Much has been made of his later mysticism. I can’t speak with firsthand knowledge of everything he might have believed, partly because it seemed to keep changing and partly because it was often difficult to know when he was kidding and when he was serious. My main impression from a number of conversations, though, was that he played at theology the way other people might play at chess problems, that he liked asking the classic science fiction writer’s question—”What if?”—of anything he came across in the way of religious and philosophical notions. It was obviously a dimension of his work, and I’ve often wondered where another ten years would have taken his thinking. Impossible to guess now, really.

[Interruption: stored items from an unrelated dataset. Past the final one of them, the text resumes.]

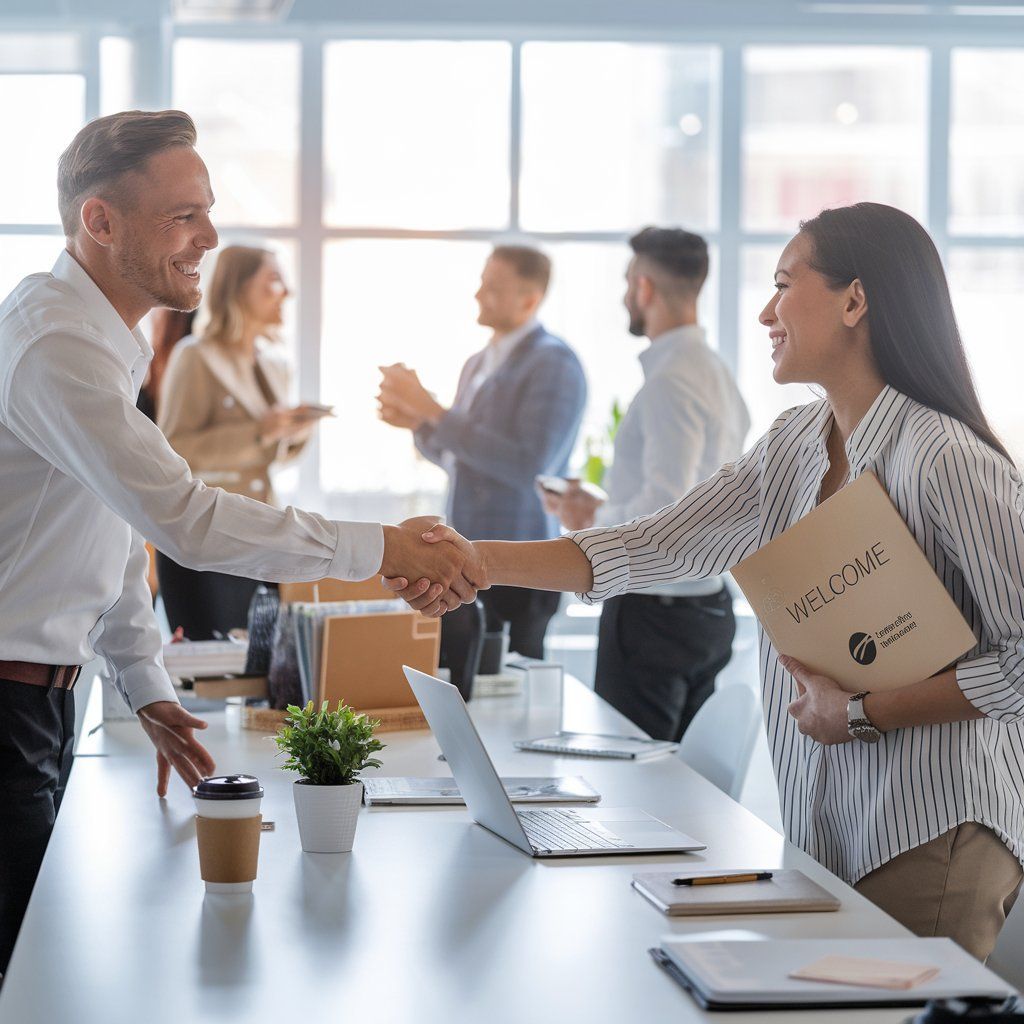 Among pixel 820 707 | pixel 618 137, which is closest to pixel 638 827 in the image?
pixel 820 707

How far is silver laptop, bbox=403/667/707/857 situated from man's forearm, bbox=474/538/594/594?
0.42m

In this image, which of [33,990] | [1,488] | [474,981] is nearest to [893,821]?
[474,981]

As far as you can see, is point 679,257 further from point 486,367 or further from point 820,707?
point 820,707

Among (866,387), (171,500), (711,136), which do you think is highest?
(711,136)

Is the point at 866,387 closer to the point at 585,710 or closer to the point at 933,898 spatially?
the point at 933,898

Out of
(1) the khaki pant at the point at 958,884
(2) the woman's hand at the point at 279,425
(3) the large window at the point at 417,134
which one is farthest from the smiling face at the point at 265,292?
(1) the khaki pant at the point at 958,884

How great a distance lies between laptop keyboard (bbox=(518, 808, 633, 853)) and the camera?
5.65ft

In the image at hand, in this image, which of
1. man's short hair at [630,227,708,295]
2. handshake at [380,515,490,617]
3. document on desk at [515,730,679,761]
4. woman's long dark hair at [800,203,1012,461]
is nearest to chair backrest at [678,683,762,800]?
document on desk at [515,730,679,761]

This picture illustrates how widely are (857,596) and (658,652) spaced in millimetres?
1898

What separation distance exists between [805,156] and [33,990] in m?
6.12

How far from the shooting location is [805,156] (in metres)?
6.64

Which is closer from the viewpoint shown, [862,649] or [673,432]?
[862,649]

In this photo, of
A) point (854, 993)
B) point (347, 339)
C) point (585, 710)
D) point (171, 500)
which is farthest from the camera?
point (347, 339)

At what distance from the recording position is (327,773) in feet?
5.59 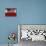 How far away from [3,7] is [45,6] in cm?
89

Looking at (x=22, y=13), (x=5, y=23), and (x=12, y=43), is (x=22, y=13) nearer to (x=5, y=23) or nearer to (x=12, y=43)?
(x=5, y=23)

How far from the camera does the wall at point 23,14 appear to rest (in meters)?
2.60

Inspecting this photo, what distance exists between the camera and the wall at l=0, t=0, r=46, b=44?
2604 millimetres

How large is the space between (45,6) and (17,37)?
880 mm

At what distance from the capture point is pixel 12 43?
8.39 ft

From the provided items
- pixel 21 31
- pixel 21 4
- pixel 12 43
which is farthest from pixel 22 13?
pixel 12 43

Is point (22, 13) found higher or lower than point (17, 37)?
higher

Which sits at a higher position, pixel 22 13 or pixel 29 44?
pixel 22 13

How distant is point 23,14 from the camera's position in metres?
2.62

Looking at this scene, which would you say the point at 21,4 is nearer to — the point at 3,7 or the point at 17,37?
the point at 3,7

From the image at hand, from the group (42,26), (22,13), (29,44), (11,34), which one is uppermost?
(22,13)

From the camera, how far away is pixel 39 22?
8.59 feet

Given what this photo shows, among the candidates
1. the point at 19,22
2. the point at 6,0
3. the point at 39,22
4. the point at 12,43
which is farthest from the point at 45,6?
the point at 12,43

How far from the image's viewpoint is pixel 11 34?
2580mm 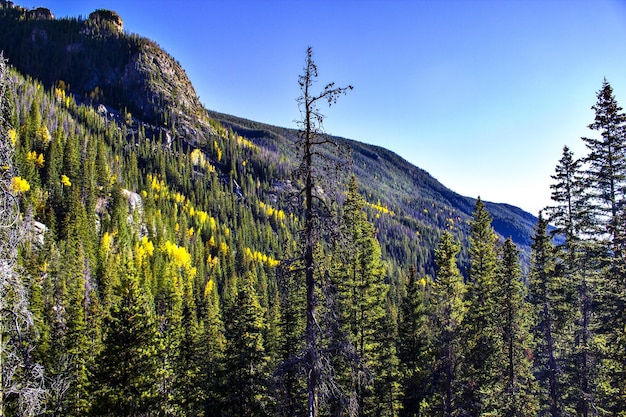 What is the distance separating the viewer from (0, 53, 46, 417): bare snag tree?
7.56m

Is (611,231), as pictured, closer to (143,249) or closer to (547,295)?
(547,295)

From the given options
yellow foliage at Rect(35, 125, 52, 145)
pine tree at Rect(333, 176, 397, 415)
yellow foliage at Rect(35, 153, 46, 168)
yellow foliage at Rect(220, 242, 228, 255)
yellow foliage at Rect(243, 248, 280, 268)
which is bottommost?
yellow foliage at Rect(243, 248, 280, 268)

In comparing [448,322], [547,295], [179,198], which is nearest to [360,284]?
[448,322]

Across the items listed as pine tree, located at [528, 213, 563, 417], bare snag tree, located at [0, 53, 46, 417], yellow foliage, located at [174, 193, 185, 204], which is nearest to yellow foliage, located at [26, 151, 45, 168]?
yellow foliage, located at [174, 193, 185, 204]

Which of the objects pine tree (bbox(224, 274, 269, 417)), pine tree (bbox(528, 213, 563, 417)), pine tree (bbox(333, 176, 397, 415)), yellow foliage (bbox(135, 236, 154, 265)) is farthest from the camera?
yellow foliage (bbox(135, 236, 154, 265))

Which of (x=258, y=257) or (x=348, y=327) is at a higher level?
(x=348, y=327)

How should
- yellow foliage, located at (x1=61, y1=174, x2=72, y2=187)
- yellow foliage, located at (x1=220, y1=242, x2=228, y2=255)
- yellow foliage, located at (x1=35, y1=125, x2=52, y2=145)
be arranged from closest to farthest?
1. yellow foliage, located at (x1=61, y1=174, x2=72, y2=187)
2. yellow foliage, located at (x1=35, y1=125, x2=52, y2=145)
3. yellow foliage, located at (x1=220, y1=242, x2=228, y2=255)

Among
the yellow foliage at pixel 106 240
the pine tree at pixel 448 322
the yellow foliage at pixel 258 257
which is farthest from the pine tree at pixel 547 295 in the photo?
the yellow foliage at pixel 258 257

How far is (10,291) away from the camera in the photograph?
813cm

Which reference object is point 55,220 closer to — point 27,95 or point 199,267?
point 199,267

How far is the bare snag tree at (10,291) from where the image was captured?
7.56 m

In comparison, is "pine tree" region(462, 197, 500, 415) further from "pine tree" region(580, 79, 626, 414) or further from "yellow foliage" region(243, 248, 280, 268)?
"yellow foliage" region(243, 248, 280, 268)

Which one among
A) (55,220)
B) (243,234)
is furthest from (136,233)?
(243,234)

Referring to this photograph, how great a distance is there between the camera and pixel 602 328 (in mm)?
16000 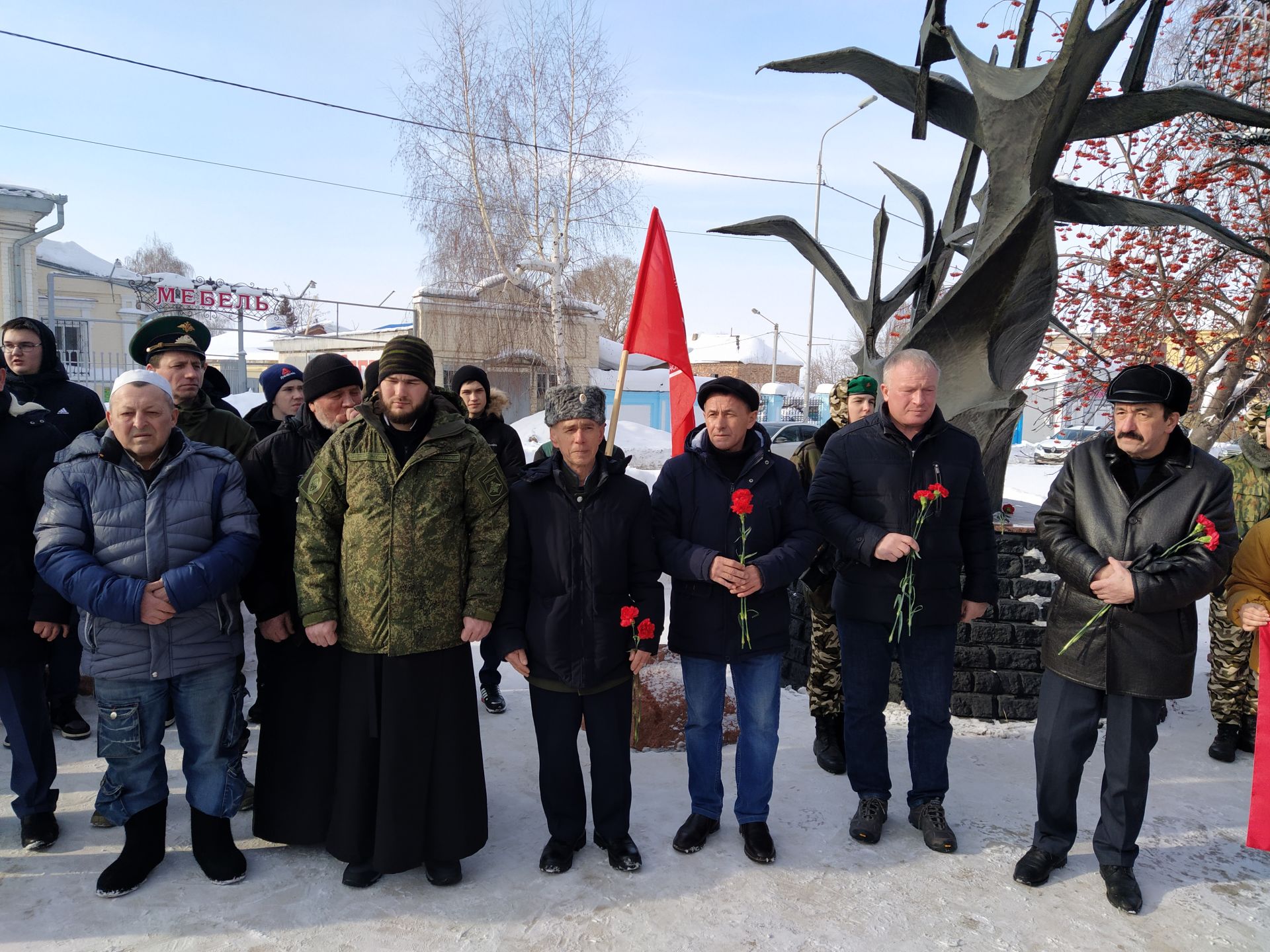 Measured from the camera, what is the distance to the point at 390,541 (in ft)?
9.10

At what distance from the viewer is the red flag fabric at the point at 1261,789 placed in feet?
9.64

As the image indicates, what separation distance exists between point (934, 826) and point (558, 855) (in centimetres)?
148

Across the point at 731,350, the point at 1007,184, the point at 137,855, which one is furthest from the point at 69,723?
the point at 731,350

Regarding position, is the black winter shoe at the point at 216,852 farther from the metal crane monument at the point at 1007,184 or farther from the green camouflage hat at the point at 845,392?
the metal crane monument at the point at 1007,184

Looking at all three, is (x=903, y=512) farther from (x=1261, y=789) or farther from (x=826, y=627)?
(x=1261, y=789)

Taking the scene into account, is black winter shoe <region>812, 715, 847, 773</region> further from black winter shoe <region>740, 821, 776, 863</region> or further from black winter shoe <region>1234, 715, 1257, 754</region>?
black winter shoe <region>1234, 715, 1257, 754</region>

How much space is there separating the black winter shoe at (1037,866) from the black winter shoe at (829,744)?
1001 mm

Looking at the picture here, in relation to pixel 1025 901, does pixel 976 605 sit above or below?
above

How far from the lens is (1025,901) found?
2.87 m

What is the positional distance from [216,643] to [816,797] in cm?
255

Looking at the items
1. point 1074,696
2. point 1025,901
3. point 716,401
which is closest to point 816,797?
point 1025,901

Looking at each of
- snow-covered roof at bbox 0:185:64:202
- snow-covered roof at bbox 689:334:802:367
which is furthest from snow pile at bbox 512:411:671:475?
snow-covered roof at bbox 689:334:802:367

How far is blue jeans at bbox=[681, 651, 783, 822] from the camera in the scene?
3164mm

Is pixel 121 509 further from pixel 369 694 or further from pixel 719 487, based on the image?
pixel 719 487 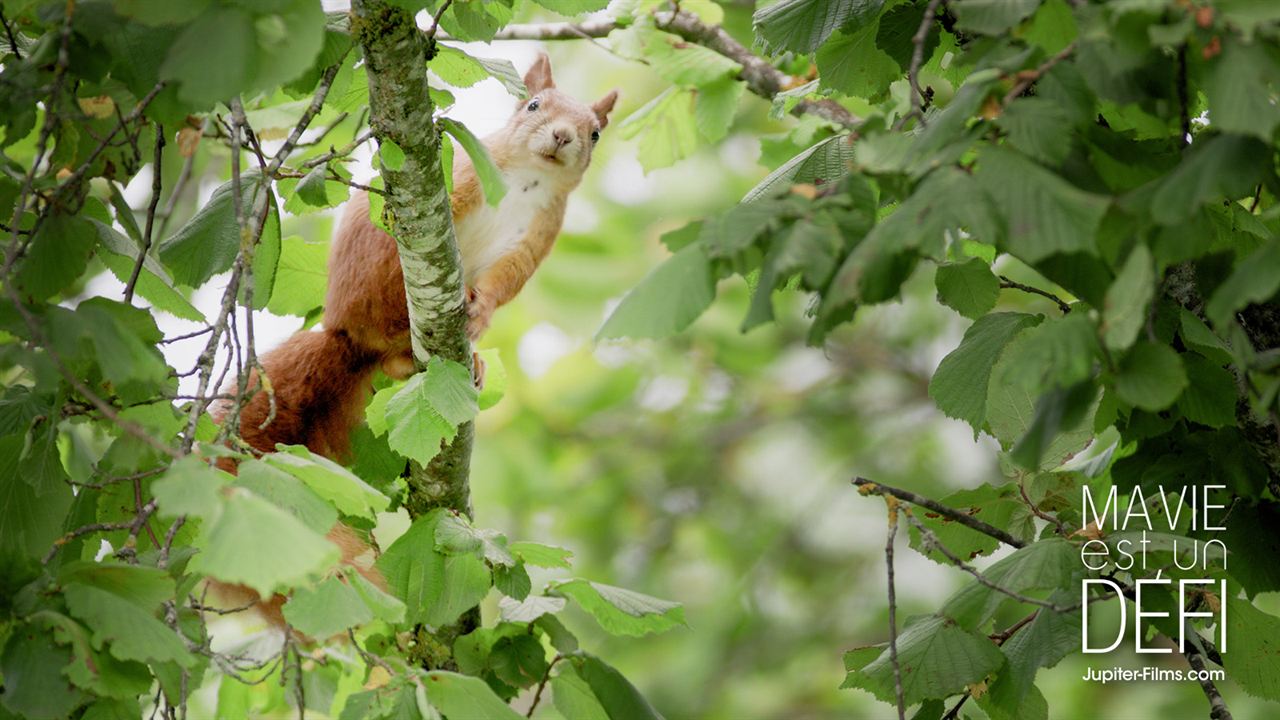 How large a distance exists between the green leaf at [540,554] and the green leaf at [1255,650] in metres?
0.87

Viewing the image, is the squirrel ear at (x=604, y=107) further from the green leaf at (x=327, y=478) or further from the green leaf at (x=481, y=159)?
the green leaf at (x=327, y=478)

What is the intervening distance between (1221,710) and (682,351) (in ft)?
11.9

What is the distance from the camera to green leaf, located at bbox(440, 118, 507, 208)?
1.51m

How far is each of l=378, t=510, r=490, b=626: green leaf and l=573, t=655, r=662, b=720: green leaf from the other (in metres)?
0.21

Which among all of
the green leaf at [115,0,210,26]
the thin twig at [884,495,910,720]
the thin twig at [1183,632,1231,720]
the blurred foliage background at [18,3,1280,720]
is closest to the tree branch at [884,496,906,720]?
the thin twig at [884,495,910,720]

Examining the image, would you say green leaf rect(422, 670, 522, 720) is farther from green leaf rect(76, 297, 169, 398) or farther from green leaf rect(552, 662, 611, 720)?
green leaf rect(76, 297, 169, 398)

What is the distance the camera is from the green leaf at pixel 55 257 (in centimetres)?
125

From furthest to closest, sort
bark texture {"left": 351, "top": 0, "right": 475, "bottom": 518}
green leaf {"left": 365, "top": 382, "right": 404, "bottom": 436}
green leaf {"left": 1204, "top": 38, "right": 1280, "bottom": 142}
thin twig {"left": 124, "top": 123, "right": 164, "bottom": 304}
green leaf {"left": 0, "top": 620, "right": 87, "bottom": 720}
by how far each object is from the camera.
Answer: green leaf {"left": 365, "top": 382, "right": 404, "bottom": 436}
bark texture {"left": 351, "top": 0, "right": 475, "bottom": 518}
thin twig {"left": 124, "top": 123, "right": 164, "bottom": 304}
green leaf {"left": 0, "top": 620, "right": 87, "bottom": 720}
green leaf {"left": 1204, "top": 38, "right": 1280, "bottom": 142}

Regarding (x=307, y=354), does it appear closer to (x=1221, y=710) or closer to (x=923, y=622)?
(x=923, y=622)

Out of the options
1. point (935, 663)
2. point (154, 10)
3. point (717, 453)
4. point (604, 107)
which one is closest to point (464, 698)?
point (935, 663)

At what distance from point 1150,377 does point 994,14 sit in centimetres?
32

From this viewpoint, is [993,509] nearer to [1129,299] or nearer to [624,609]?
[624,609]

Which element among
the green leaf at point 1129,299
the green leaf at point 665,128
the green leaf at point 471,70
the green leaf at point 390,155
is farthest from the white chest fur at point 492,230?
the green leaf at point 1129,299

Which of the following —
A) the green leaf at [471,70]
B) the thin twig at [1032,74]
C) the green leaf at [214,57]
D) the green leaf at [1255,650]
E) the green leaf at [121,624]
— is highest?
the green leaf at [214,57] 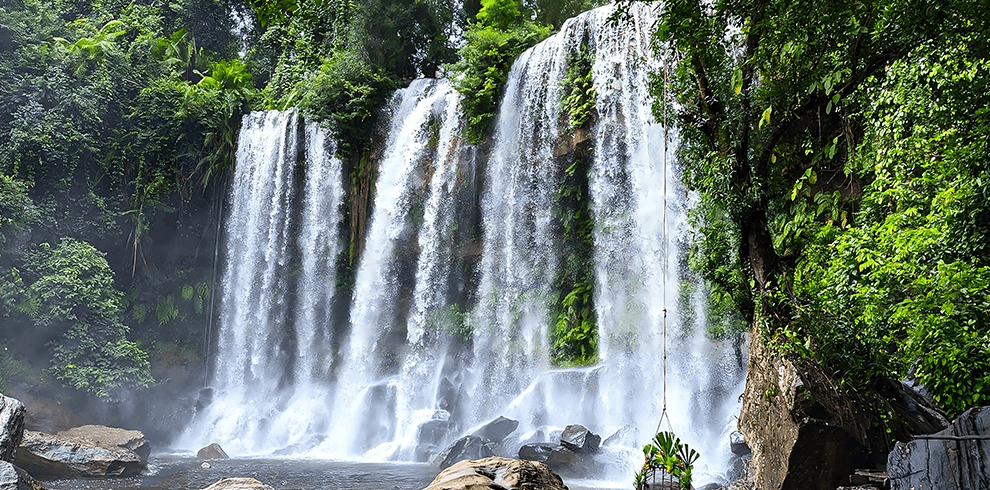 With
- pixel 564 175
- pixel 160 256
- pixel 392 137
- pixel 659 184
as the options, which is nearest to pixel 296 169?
pixel 392 137

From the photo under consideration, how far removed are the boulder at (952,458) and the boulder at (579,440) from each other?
6.93m

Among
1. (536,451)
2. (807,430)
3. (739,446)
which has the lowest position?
(536,451)

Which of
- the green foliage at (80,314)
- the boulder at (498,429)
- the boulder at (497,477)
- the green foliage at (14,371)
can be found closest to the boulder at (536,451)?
the boulder at (498,429)

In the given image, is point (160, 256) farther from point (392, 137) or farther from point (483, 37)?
point (483, 37)

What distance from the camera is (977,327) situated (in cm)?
422

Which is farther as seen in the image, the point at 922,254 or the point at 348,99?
the point at 348,99

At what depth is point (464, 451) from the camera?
10883 millimetres

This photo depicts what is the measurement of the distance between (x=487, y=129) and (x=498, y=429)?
687 cm

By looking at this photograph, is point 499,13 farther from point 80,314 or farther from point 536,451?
point 80,314

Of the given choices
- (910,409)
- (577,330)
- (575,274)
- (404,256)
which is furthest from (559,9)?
(910,409)

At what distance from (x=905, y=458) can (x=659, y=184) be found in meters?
9.62

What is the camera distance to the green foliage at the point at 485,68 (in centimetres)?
1509

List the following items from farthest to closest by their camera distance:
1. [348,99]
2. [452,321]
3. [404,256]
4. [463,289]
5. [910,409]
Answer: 1. [348,99]
2. [404,256]
3. [463,289]
4. [452,321]
5. [910,409]

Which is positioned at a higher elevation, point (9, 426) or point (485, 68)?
point (485, 68) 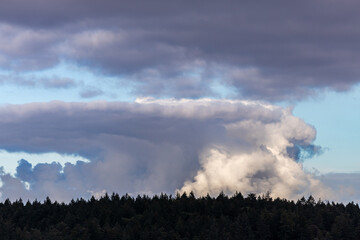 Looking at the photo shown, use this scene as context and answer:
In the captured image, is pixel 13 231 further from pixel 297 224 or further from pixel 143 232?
pixel 297 224

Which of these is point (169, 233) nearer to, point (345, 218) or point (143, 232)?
point (143, 232)

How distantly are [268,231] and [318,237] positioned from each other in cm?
1575

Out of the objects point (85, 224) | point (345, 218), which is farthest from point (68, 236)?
point (345, 218)

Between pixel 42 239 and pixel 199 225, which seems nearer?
pixel 42 239

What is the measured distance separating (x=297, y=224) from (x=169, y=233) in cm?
4131

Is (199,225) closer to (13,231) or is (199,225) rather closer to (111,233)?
(111,233)

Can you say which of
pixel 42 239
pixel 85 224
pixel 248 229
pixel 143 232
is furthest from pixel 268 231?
pixel 42 239

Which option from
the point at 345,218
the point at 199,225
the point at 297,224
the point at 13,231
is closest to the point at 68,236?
the point at 13,231

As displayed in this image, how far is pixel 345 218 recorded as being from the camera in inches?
7741

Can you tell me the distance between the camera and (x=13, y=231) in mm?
196625

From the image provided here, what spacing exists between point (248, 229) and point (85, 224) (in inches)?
1949

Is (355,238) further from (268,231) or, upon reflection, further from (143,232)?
(143,232)

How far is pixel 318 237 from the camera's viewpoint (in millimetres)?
184625

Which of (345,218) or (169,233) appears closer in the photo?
(169,233) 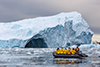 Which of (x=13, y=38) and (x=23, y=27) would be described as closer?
(x=13, y=38)

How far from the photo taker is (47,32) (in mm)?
37844

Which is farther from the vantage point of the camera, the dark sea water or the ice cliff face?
the ice cliff face

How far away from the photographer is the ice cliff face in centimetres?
3797

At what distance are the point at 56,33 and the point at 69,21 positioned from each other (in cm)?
357

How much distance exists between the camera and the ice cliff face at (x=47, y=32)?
37969 millimetres

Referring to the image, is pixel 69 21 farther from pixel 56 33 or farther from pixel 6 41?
pixel 6 41

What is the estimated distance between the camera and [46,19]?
→ 143ft

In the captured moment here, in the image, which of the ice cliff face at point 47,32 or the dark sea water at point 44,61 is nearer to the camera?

I recall that, like James Blish, he was fascinated by the problem of evil, and its juxtaposition with the sometime sweetness of life. I’m sure he wouldn’t mind my quoting from the last letter I received from him (dated 10 April 1981):
Two items were presented to me for my inspection within a period of fifteen minutes: first, a copy of WIND IN THE WILLOWS, which I had never read… A moment after I looked it over someone showed me a two-page photograph in the current Time of the attempted assassination of the President. There the wounded, there the Secret Service man with the Uzi machine gun, there all of them on the assassin. My brain had to try to correlate WIND IN THE WILLOWS and that photograph. It could not. It never will be able to. I brought the Grahame book home and sat reading it while they tried to get the Columbia to lift off, in vain, as you know.